The refined museum building, which as if predestined by nature has been placed in the southern Carinthian landscape above the River Drau by the Viennese architectural team
"querkraft", forms an appropriate architectonic and museological framework for the collections of Herbert Liaunig. After a year of extension work the private museum in Neuhaus/Suha, which was opened in 2008 and has already been awarded the Austrian Museums Prize and the status of a protected building, was reopend again in 2015.

The original architectural concept, comprised of four striking structural elements has now been supplemented by a triangular room for special exhibitions with an adjacent atrium as well as two underground presentation rooms and additional depot space.   
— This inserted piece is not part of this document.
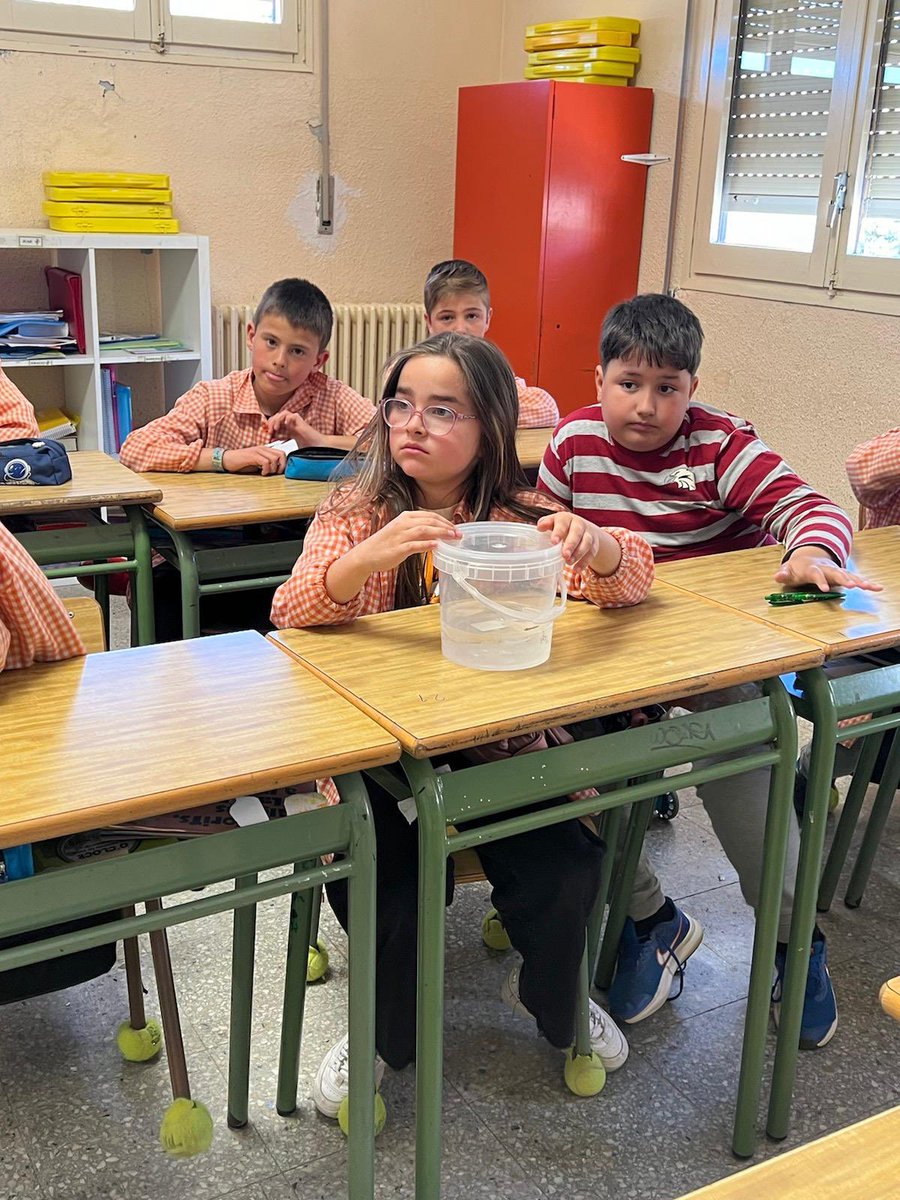 Col·legi MDS tweet media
The entrance leads to a presentation depot with an area of around 600 m² after which visitors arrive in the painting and sculpture section. This part of the building, which is designed as a white cube measuring 160 m in length and 13 m in width with fanlights, provides an exhibition area of around 2,000 m². There follows a separate room for graphics (approx. 500 m²), as well as an annex for the presentation of the gold collection (approx. 350 m²). Behind this room new spaces have been added in which the collections of decorated glasses and portrait miniatures from the 16th to the 19th century are housed in a generous display case landscape.

Following the reconstruction work, a new artistic intervention has been integrated into the architecture, which has won numerous awards and is characterised by fair-faced concrete, steel and glass. As a counterpoint to Brigitte Kowanz's light installation in the exit area of the underground cube housing the gold collection, Esther Stocker has designed the corridor leading to the glass and portrait miniatures exhibitions. Via this connecting passage visitors can also enter the impressive, circular sculpture depot, which is now accessible for the first time. A shop also augments the museum's facilities.

Including the foyer, a workshop and the rooms required for infrastructure purposes, the building has an area of around 7,650 m².

The structure, which is extremely reduced in design, closely follows the prevailing site topography. The long gallery section is the only part of the building that is visible from the outside and offers views of the landscape from its terraces. The remainder of the museum is subterranean.